§ YOUR INSTRUCTIONS: Pictures stay out of the copy; set down each line of the listing below exactly.

§ INFORMATION SUPPLIED:
================

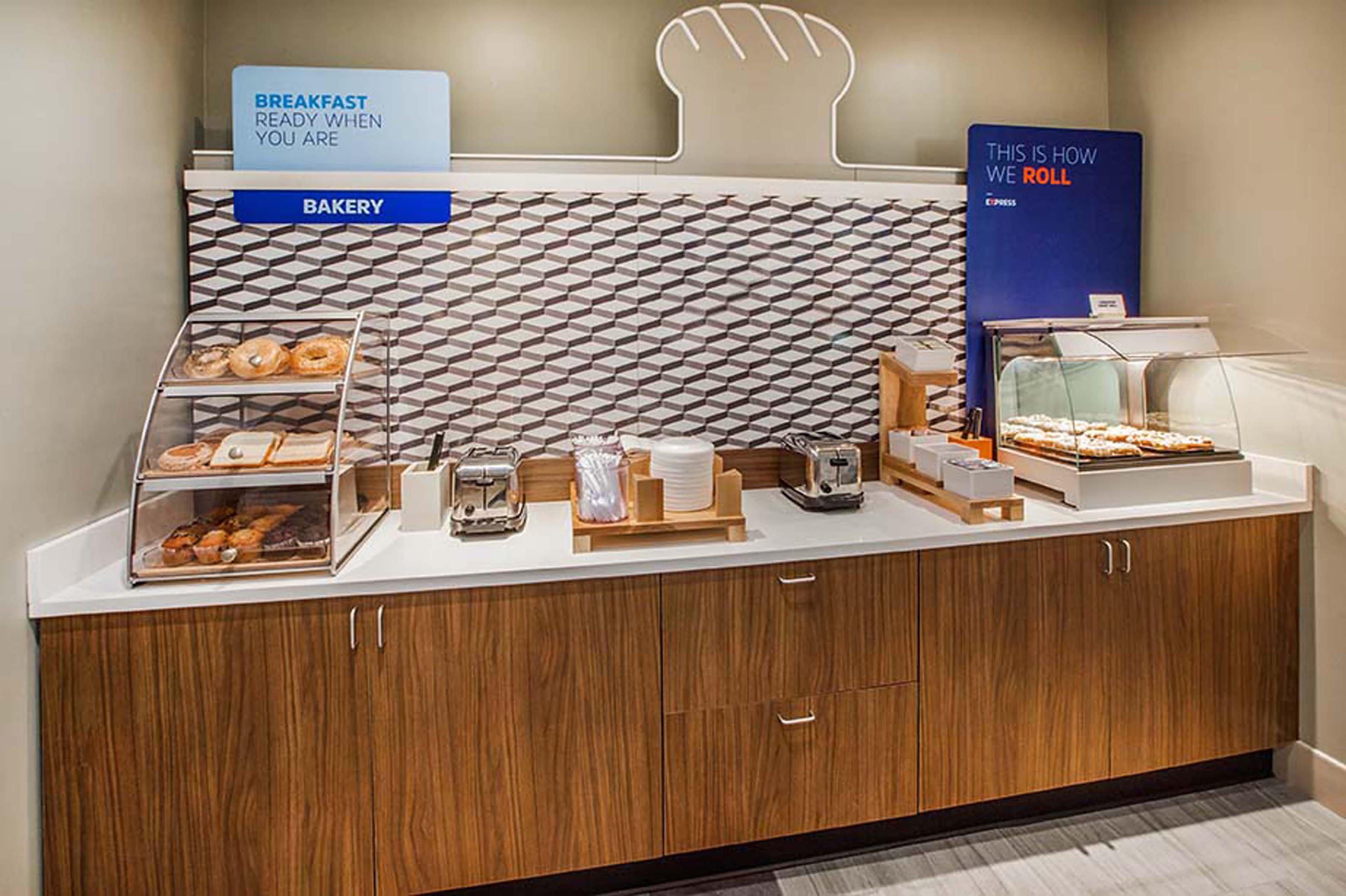 Holiday Inn Express & Suites Ripley By Ihg Esterno foto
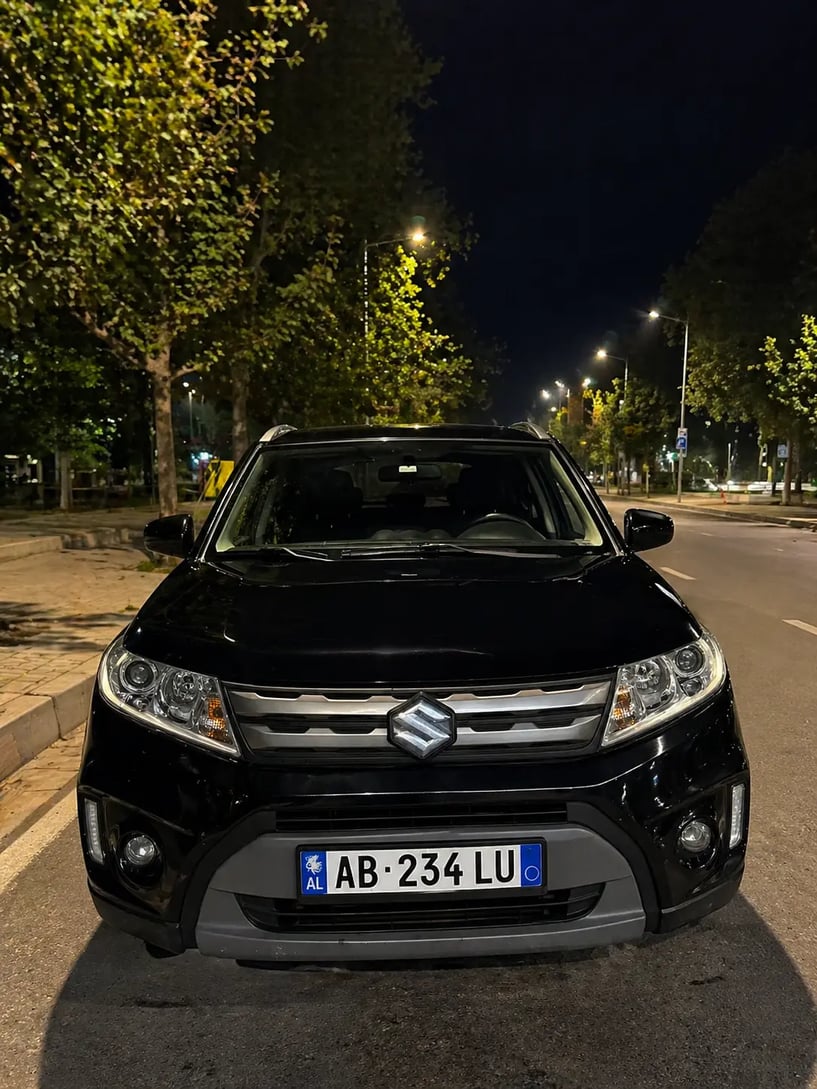 Merrni me qira një makinë në Tirana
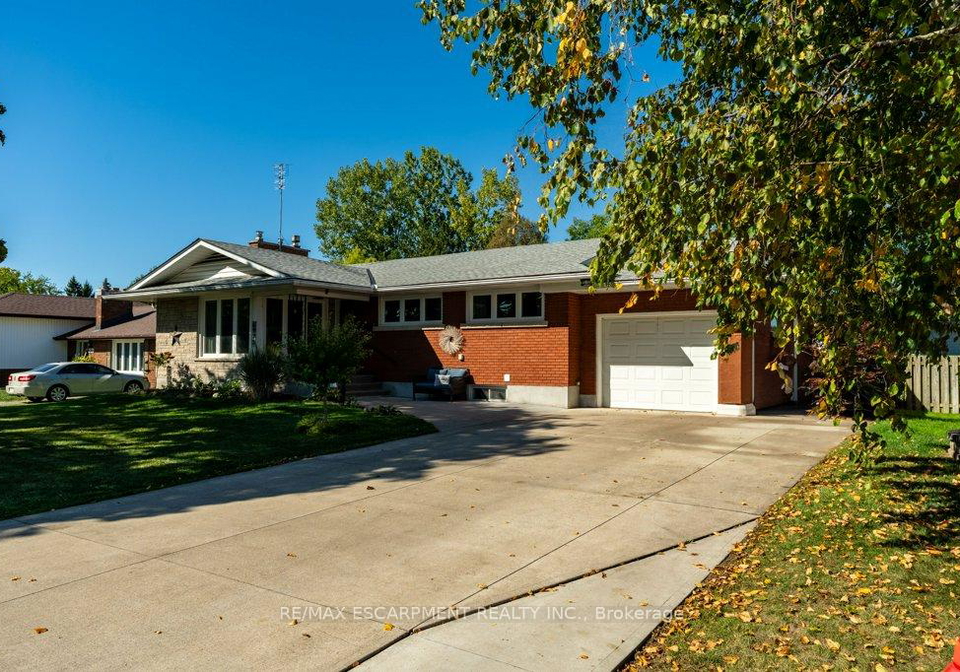 6975-oxford-street-niagara-falls-ontario-x12437109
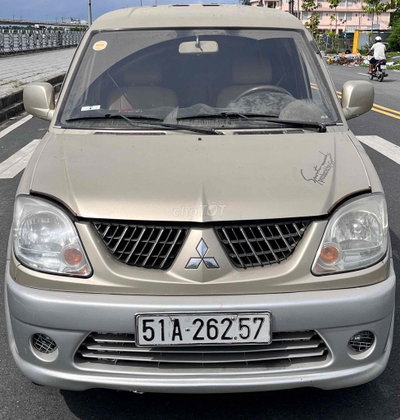Mitsubishi Jolie 2006 8 chỗ Vàng cát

================

§ RESPONSE TO THIS TASK:
 Holiday Inn Express & Suites Ripley By Ihg Esterno foto
 Merrni me qira një makinë në Tirana
 6975-oxford-street-niagara-falls-ontario-x12437109
Mitsubishi Jolie 2006 8 chỗ Vàng cát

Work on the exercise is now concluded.